An n-gram is a sequence of n items (or words), that are grouped as one feature [1, pp. 55]. Classifiers will still treat the n-gram extracted feature a one. The combined words can be more significant to a given category than the single words. Moreover, it is possible to use a combination of uni-grams and bi-grams as input. However, this will cost more processing cycles. N-gram examples (Ex. 11) are shown below.

Example 11 N-gram extracted word features: Original sentence: “software engineering specialist”; Unigram: ( 'software' );

Bigram: ( ('software', 'engineering') );

Trigram: ( ('software', 'engineering', 'specialist') ).

4.4 DATA FRAGMENTING

The extracted features from categorized user profiles, result in a dataset. In the NLTK-trainer a fraction pivot is assigned to split the extracted data into two sets, a test and a training dataset. A fraction of 0.2 uses 20% training data and 80% for testing. Using 100% for training data will result in higher scoring classification, because it is trained with the expected result for the given case. The true capabilities of that classifier cannot be determined when training with test data [1, pp. 218].

4.5 HIERARCHICAL CATEGORIZATION

After analyzing annotating user profiles (section 4.2), there appeared overlap in job titles assigned to profiles. This happened when one profile was annotated with multiple job titles. From the specialist (recruiter) his perspective this grouping was correct. It appeared the job titles in question were closely related to each other, and some user profiles could describe both. To determine the extend of the overlap, a database query was used to sum all groups of multi assigned profiles. Two groups were clearly identified with high overlap (out of 95,000 annotated profiles).

• Group A – Project Manager (3), Program Manager (9), about 9500 profiles;

• Group B – Account Manager (4), Business Developer (7), Sales Representative (24), Corporate Account Manager (36), about 6000 profiles.

When training with extracted features that are too generic, no distinctions can be made to distinguish between two ore more categories.

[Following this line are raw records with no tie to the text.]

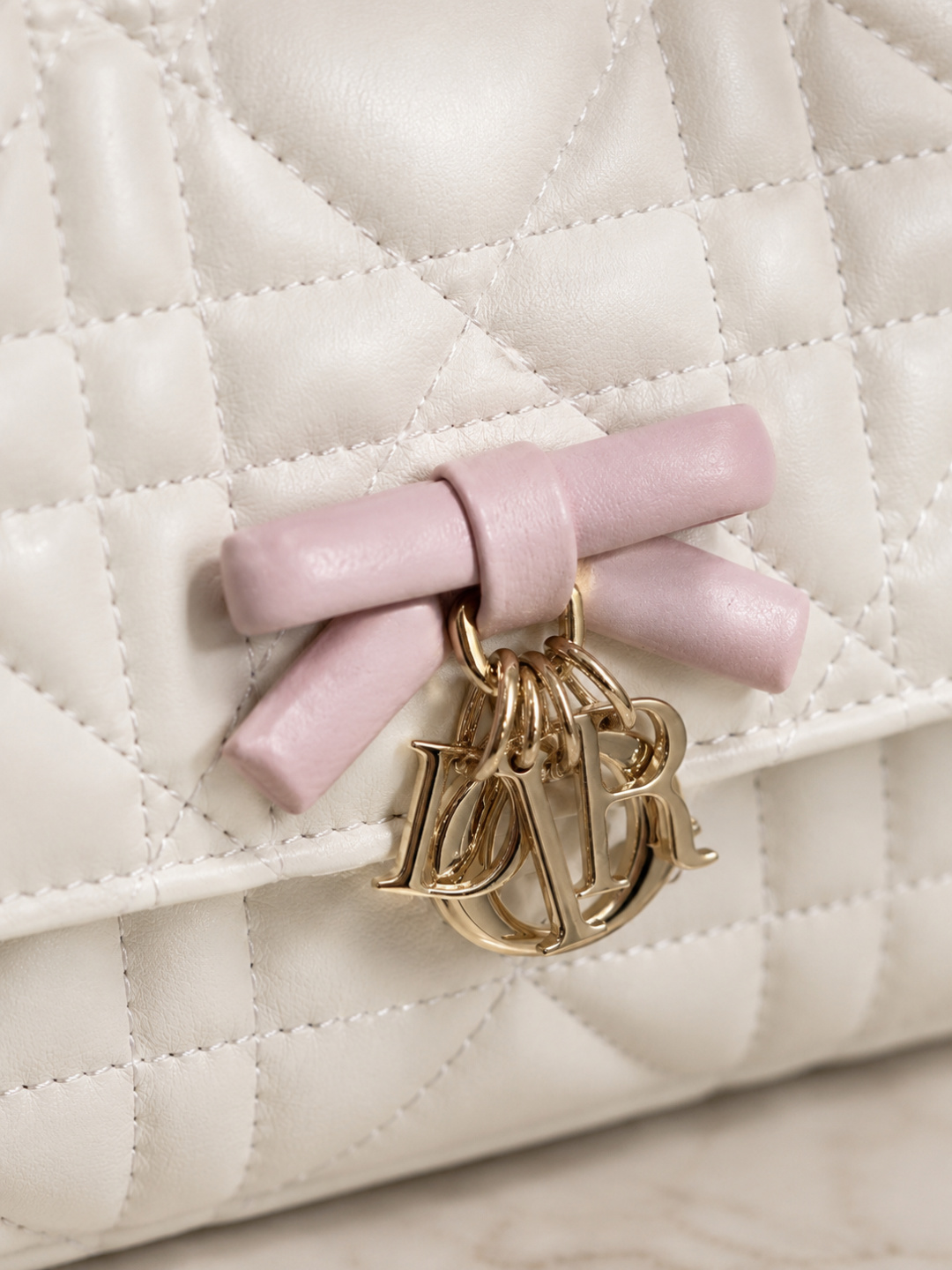 Dior White Quilted Mini Top-Handle Bag
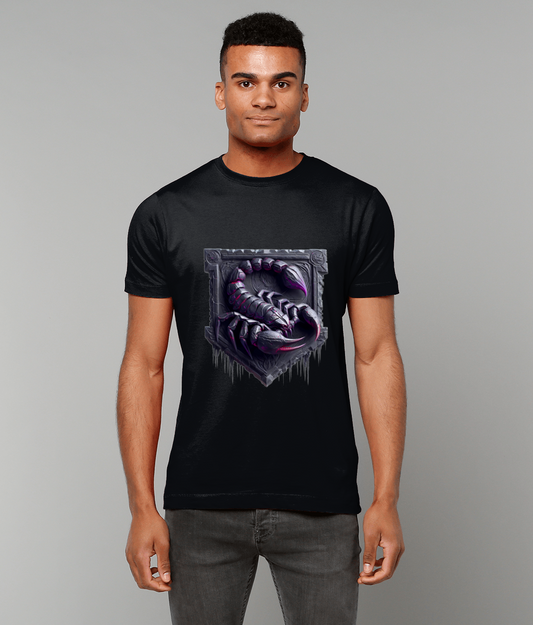 Stone Tablet Scorpio Zodiac T-Shirt with intense Scorpio glyph and stone texture graphic on classic fit tee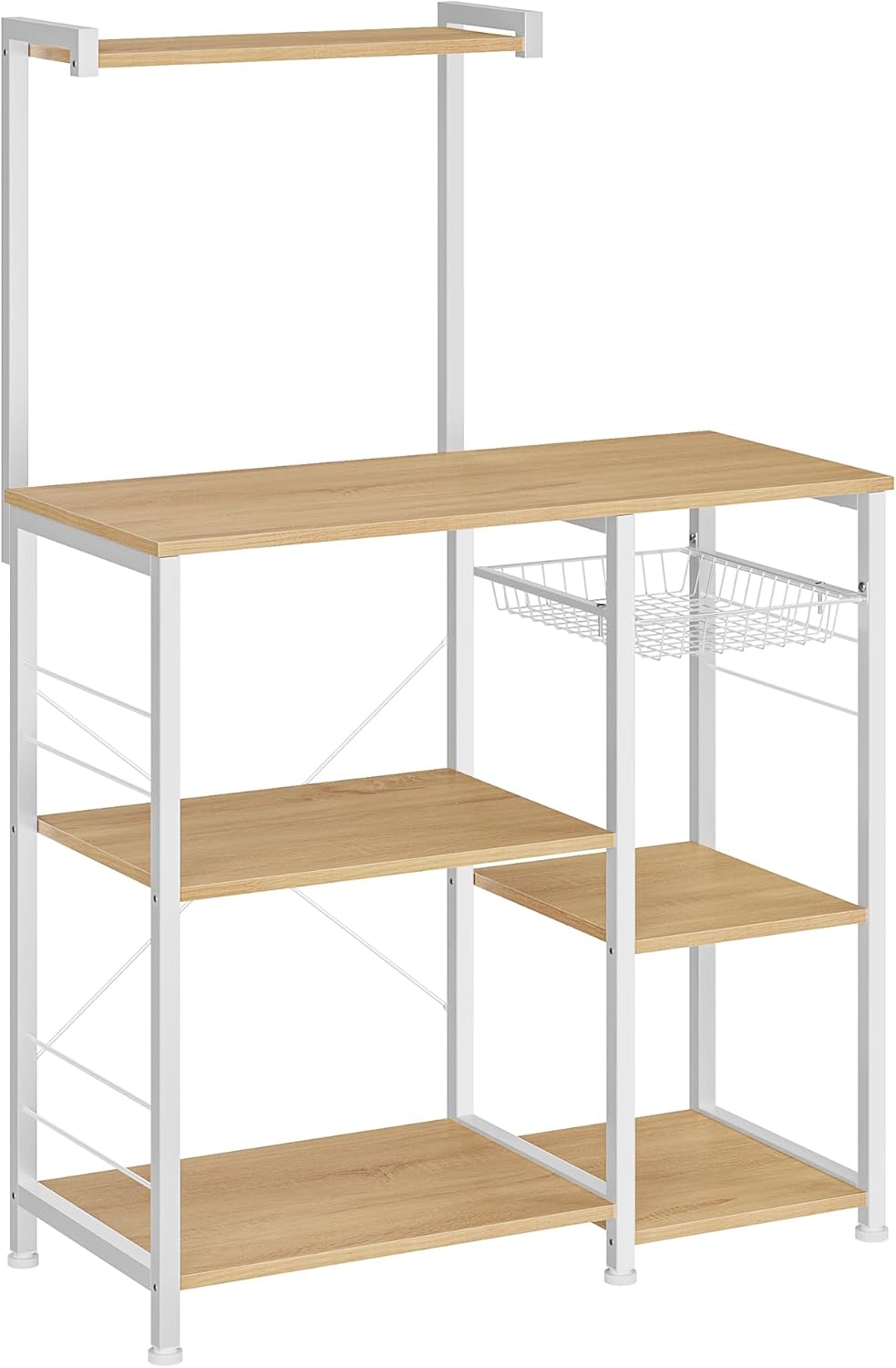 Detalle de VASAGLE Scaffale da Cucina KKS035W09 in Rovere Dorato e Bianco: versatile e stabile per microonde e cucina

Groups A and B have plenty of overlap, and the remaining job titles 3, 4, 70, 6, 5, 29 and 12 have not. When reflecting on related work (section 2) by A. Sun et. al. [26], hierarchies in categories are clearly demonstrated in our case of groups A and B. These groups show job title branches with a common ancestor. Distinguishing between these sub-categories requires other strategies than currently in place.

4.6 CLASSIFICATION ALGORITHMS

The classifier in NLP decides, which inputs are significant to a label. In our case that would be, which words (only or with POS tags) are significant to job titles. Each classifier algorithm has its own method of predicting pair (P) input for label [1, pp 243-253] (as stated in section 1.1). We have started to compile a list of classifiers that are available in, and through NLTK [3, 7]. These classifiers were given the task of training with a given dataset, and default parameter configuration for a test experiment. The experiment is setup to get a baring on classifier training runtime

memory and processor consumption. The results are listed per classifier in the table (Table 1) below. The abbreviations are used later on in this paper.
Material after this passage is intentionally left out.